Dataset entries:
******
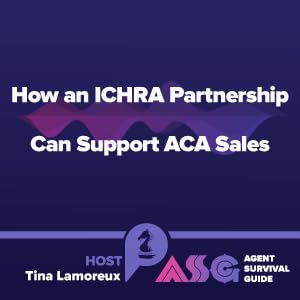 Page de couverture de How an ICHRA Partnership Can Support ACA Sales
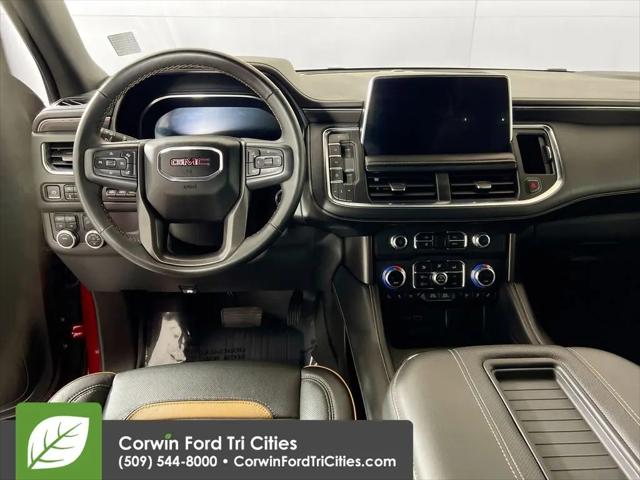 2023 GMC Yukon AT4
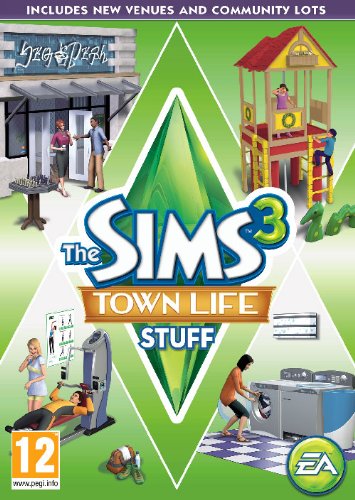 Sims 3 Stadsliv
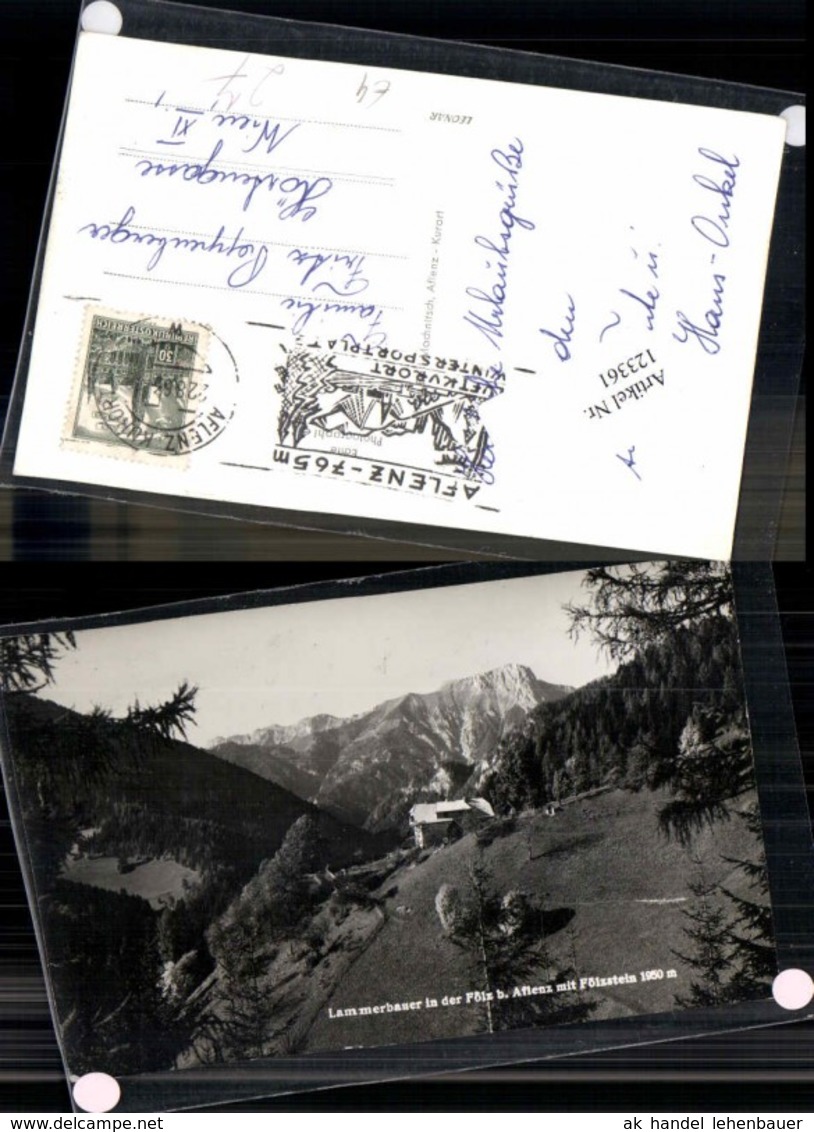 123361,Lammerbauer bei F&ouml;lz Aflenz Th&ouml;rl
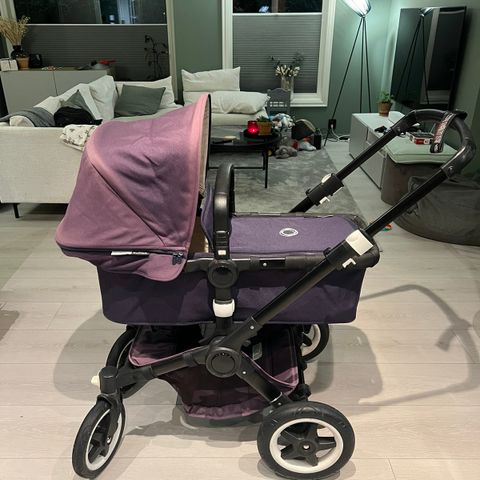 Bugaboo Buffalo barnevogn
******
- EXERCISE PROMPT:
Could you output every entry exactly as written, skipping the pictures?

- TASK OUTPUT:
 Page de couverture de How an ICHRA Partnership Can Support ACA Sales
 2023 GMC Yukon AT4
 Sims 3 Stadsliv
 123361,Lammerbauer bei F&ouml;lz Aflenz Th&ouml;rl
 Bugaboo Buffalo barnevogn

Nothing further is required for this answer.